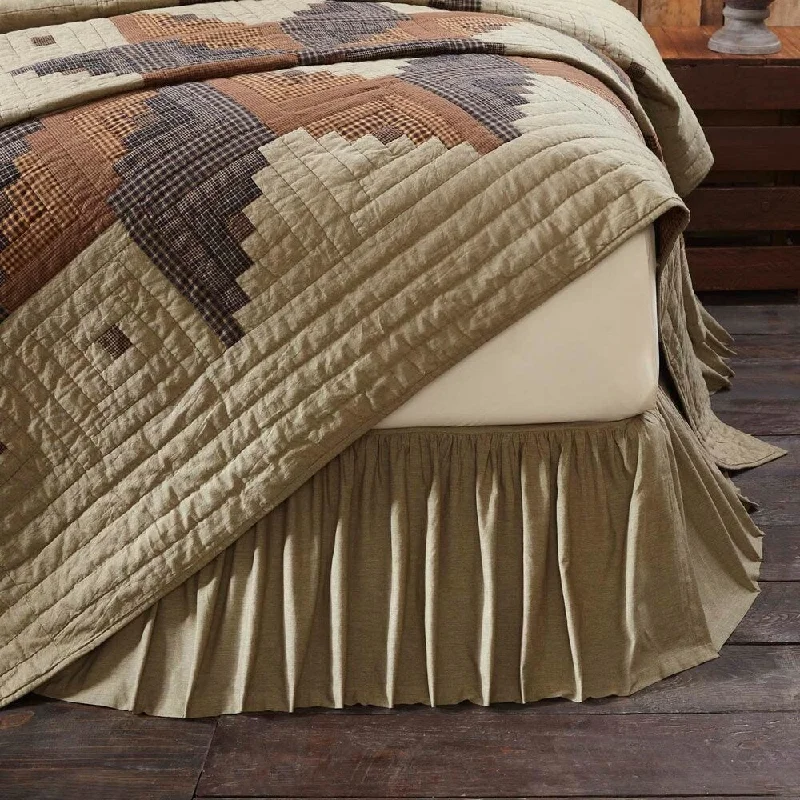 Bed skirts with a retro - style patternTan Rustic Bedding VHC Novak Bed Skirt Cotton Solid Color Gathered Chambray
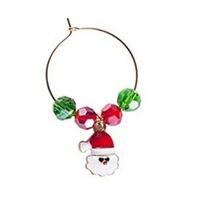 4 Pcs Wine Glass Pendants Decoration Christmas Party New Year Table Decorations Cup Ring Metal Ring Decor Santa Claus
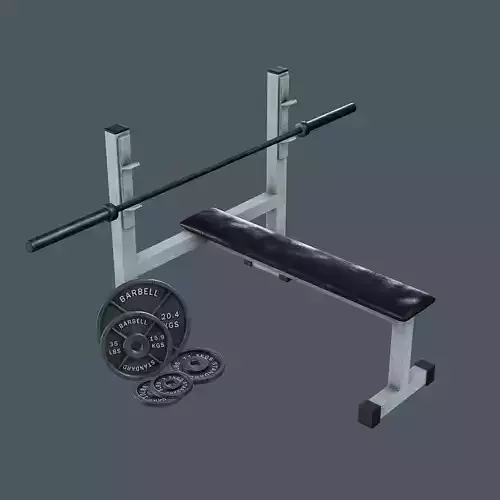 Barbell Bench and Weights Pack - PBR Game Ready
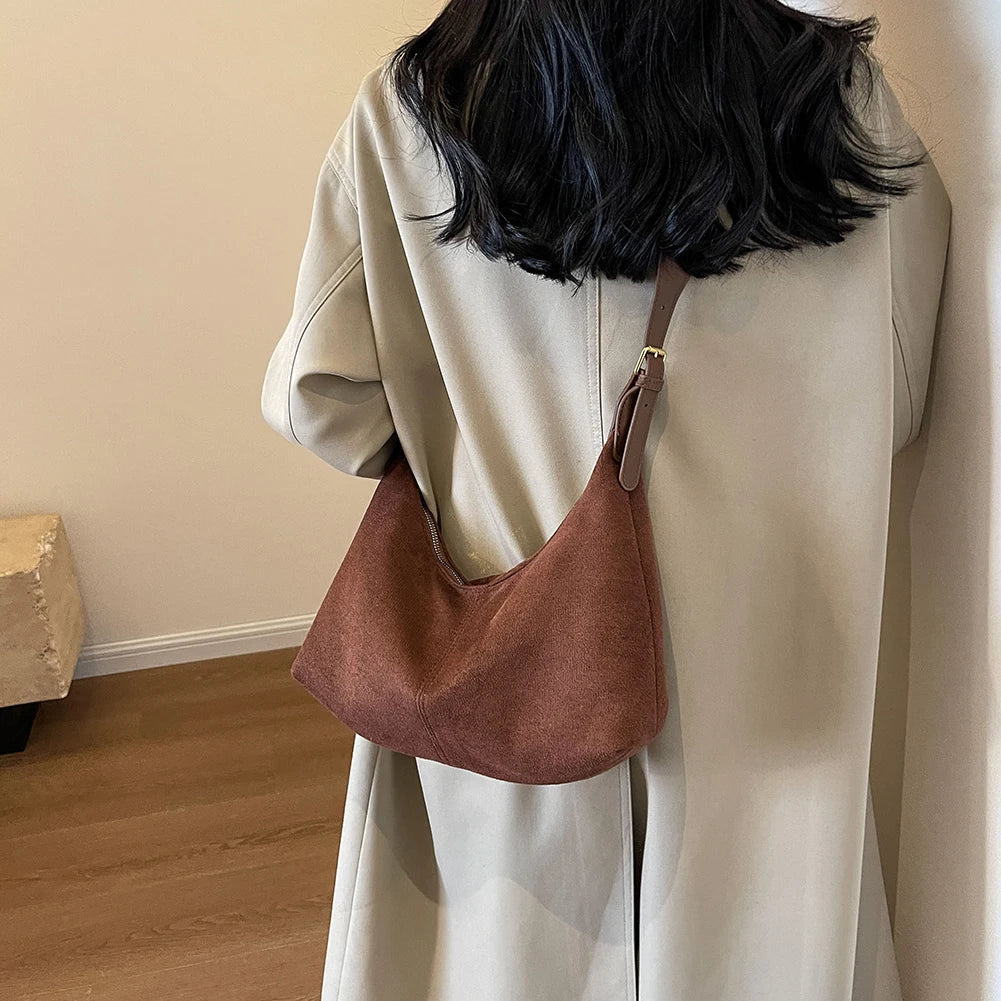 Vintage Handbag Purse for Women Suede Shoulder Bag Causal Crossbody Bags Female Luxury Designer Clutch Ladies Crescent Hobo Bag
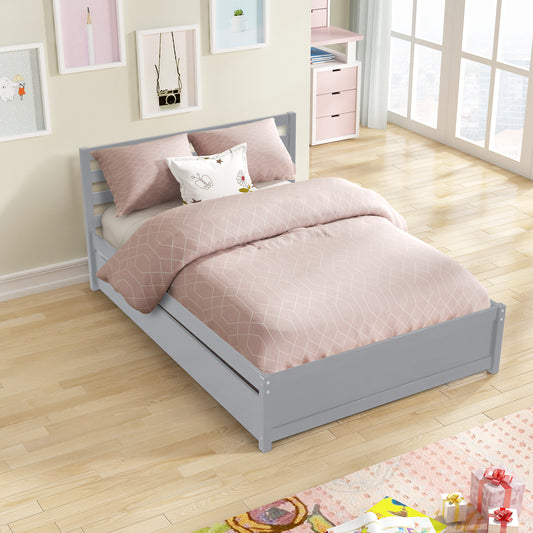 Full Platform Bed Gray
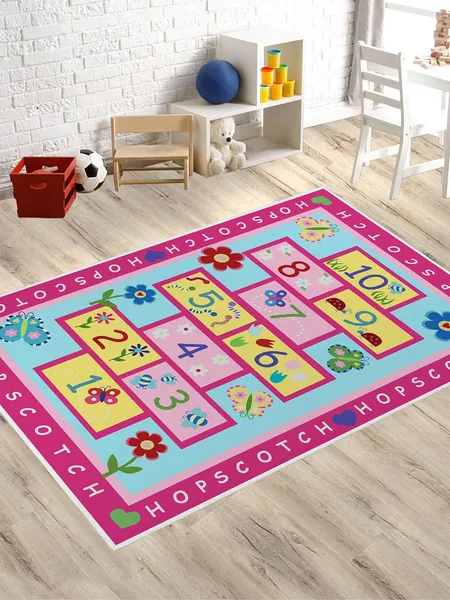 1pc Cartoon Graphic Rug, Modern Polyester Floor Mat For Home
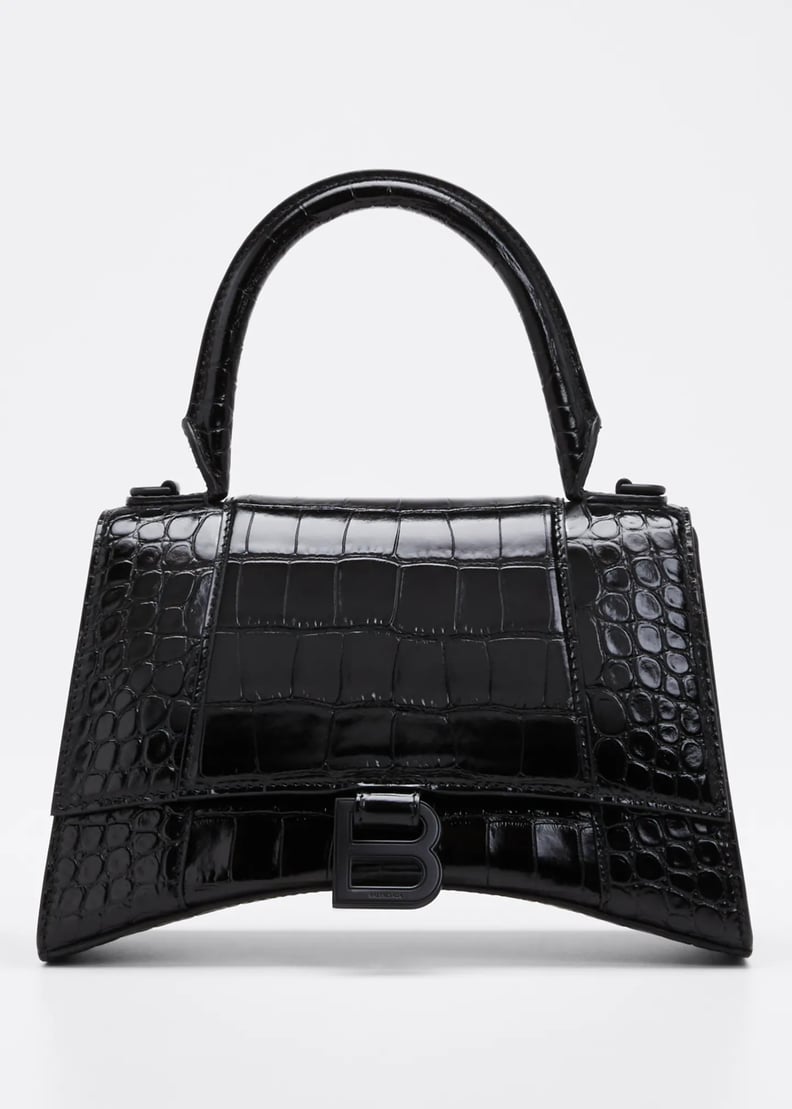 Balenciaga Hourglass Small Crocodile-Embossed Top-Handle Bag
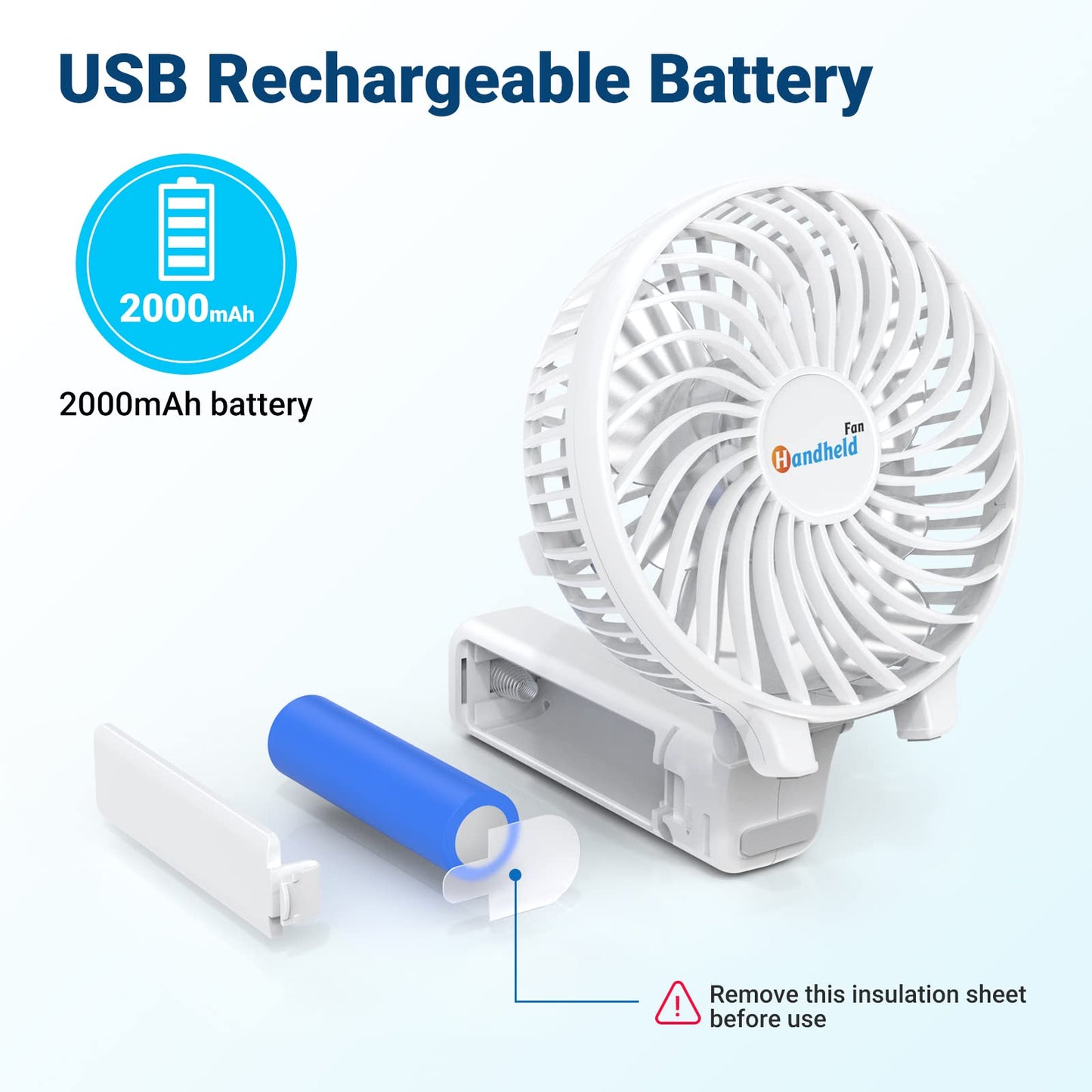 Jonwall USB hand fan, portable mini hand fan rechargeable desk fan foldable personal desk fan for home office camping travel white.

* * *

TASK GOAL: Transcribe the data word for word, with no images.

SOLVED PROBLEM:
 Bed skirts with a retro - style patternTan Rustic Bedding VHC Novak Bed Skirt Cotton Solid Color Gathered Chambray
 4 Pcs Wine Glass Pendants Decoration Christmas Party New Year Table Decorations Cup Ring Metal Ring Decor Santa Claus
 Barbell Bench and Weights Pack - PBR Game Ready
 Vintage Handbag Purse for Women Suede Shoulder Bag Causal Crossbody Bags Female Luxury Designer Clutch Ladies Crescent Hobo Bag
 Full Platform Bed Gray
 1pc Cartoon Graphic Rug, Modern Polyester Floor Mat For Home
 Balenciaga Hourglass Small Crocodile-Embossed Top-Handle Bag
 Jonwall USB hand fan, portable mini hand fan rechargeable desk fan foldable personal desk fan for home office camping travel white.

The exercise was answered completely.